Now let’s explore correlation using Tableau. We are going to use the orders table from the superstore dataset which comes default with Tableau.
Before going further let’s understand how to calculate the correlation coefficient ‘r’.
We can easily understand the above formula by breaking it into pieces.
In Tableau, we can represent the above formula as 1/SIZE() -1 where SIZE is function in Tableau.
We can use WINDOWSUM function for doing this summation in Tableau.
xi is the sum of profit and x-bar is the mean of profit, which is window average of sum of profit, and sx is standard deviation of profit. That means that we need to subtract mean from sum of profit and divide that by standard deviation.
(SUM([Profit])-WINDOW_AVG(SUM([Profit]))) / WINDOW_STDEV(SUM([Profit])))

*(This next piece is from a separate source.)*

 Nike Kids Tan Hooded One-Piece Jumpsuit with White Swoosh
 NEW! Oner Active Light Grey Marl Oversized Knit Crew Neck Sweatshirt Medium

This is similar to the formula above but we only need to swap profit with sales.
(SUM([Sales])-WINDOW_AVG(SUM([Sales]))) / WINDOW_STDEV(SUM([Sales])))
Now we have to join all these formulae to get the value of the correlation coefficient of r. Be careful while using parenthesis or you may face errors. Here is our final formula to calculate r.
1/(SIZE()-1) * WINDOW_SUM(( (SUM([Profit])-WINDOW_AVG(SUM([Profit]))) / WINDOW_STDEV(SUM([Profit]))) * (SUM([Sales])-WINDOW_AVG(SUM([Sales]))) / WINDOW_STDEV(SUM([Sales])))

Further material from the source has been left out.